## HOW TO COMPLETE THIS TASK
Nothing but the lines from the one containing "Volvo FH 2019" to the end of the records that follow should be transcribed, each exactly, with the pictures left out.

## RECORDS TO USE
_____

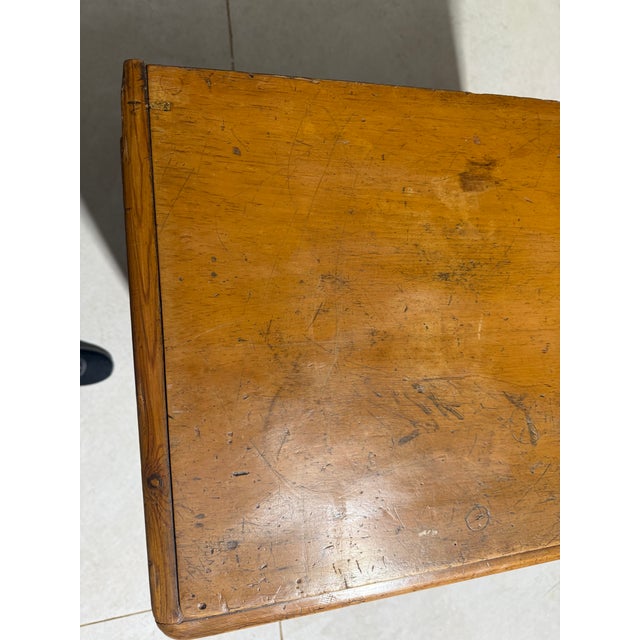 Antique Pine Two Over Three Drawers - Chest of Drawers From England For Sale - Image 16 of 18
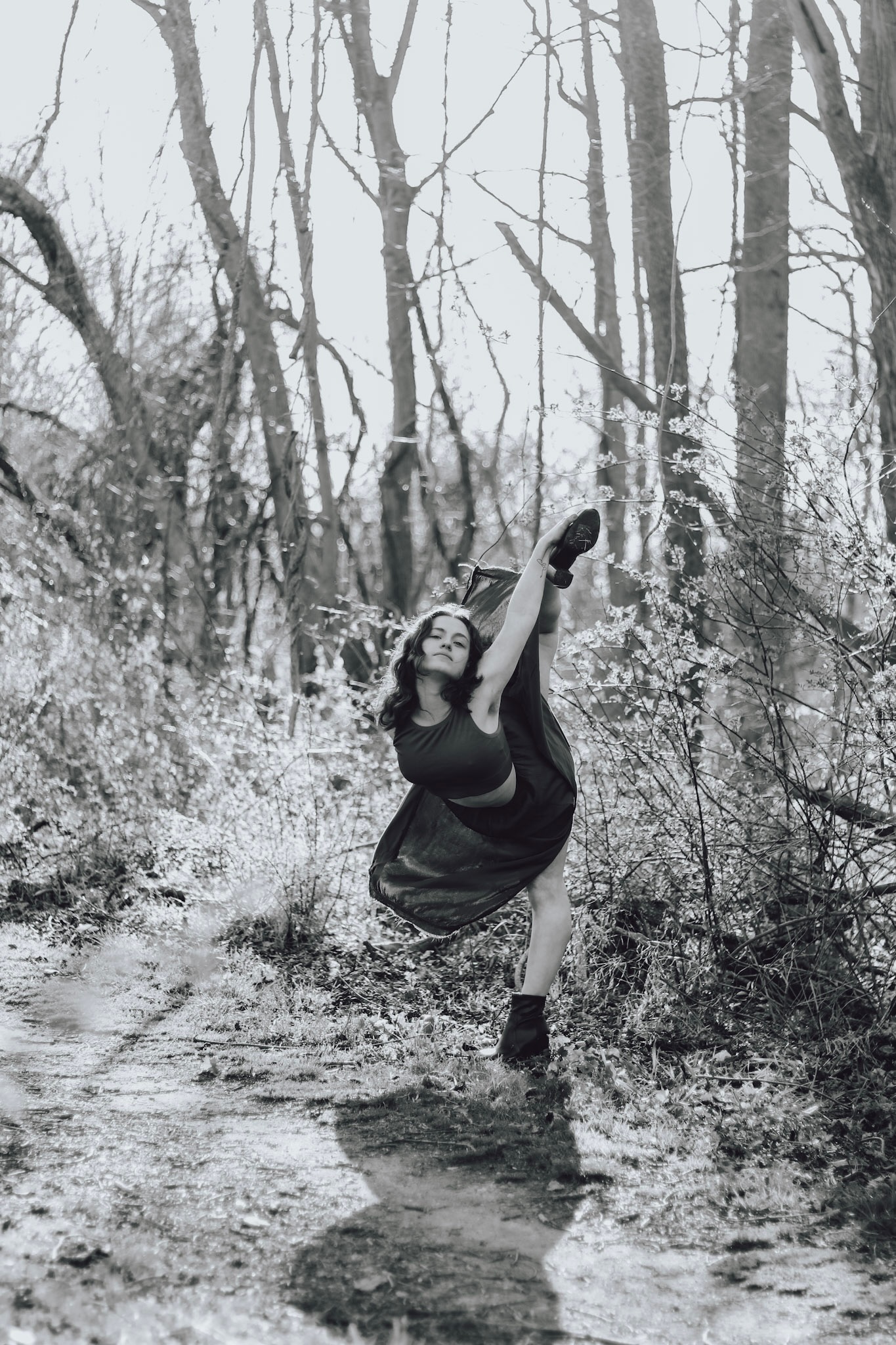 Dani Berman performing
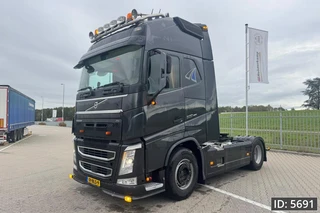 Volvo FH 2019 - 500 Globetrotter, Euro 6, / 2019 / Standklima / 2 Tanks / NL truck / Hydraulic for sale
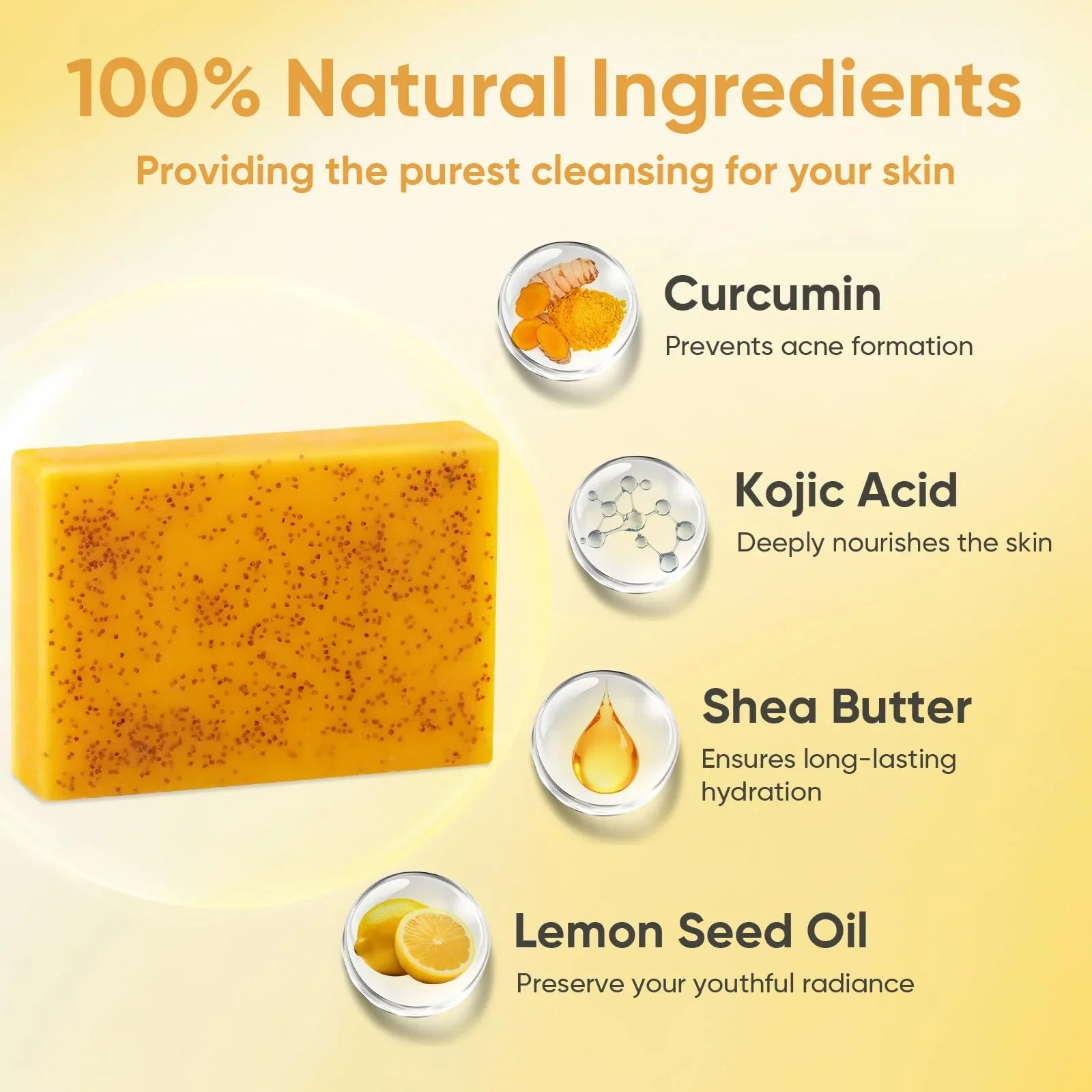 Treeroot Turmeric & Kojic Acid Soap 5-Pack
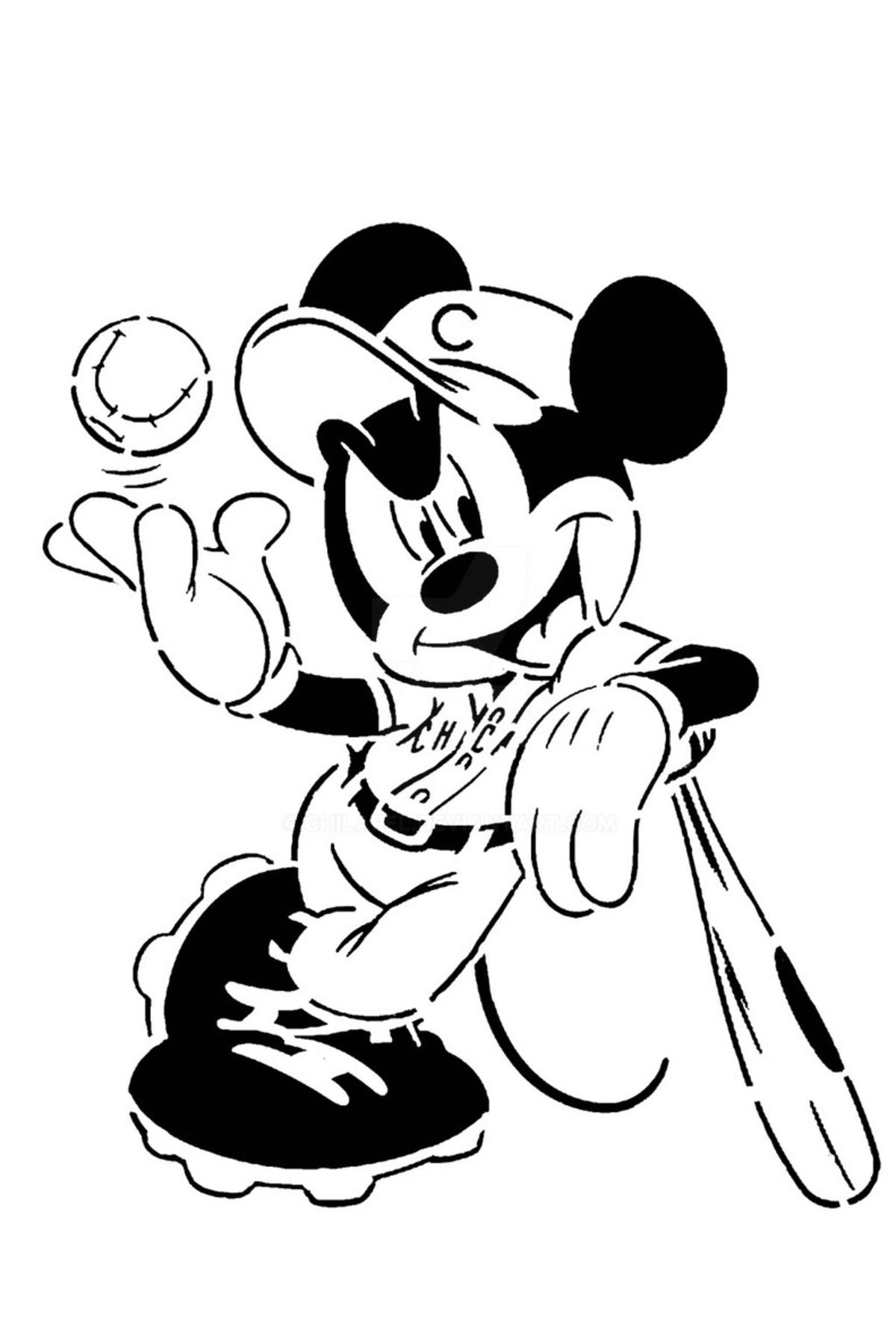 Lucest Mickey Mouse kalıbı 3 (Plastik Aparattır!!!)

_____

## TASK OUTPUT
 Volvo FH 2019 - 500 Globetrotter, Euro 6, / 2019 / Standklima / 2 Tanks / NL truck / Hydraulic for sale
 Treeroot Turmeric & Kojic Acid Soap 5-Pack
 Lucest Mickey Mouse kalıbı 3 (Plastik Aparattır!!!)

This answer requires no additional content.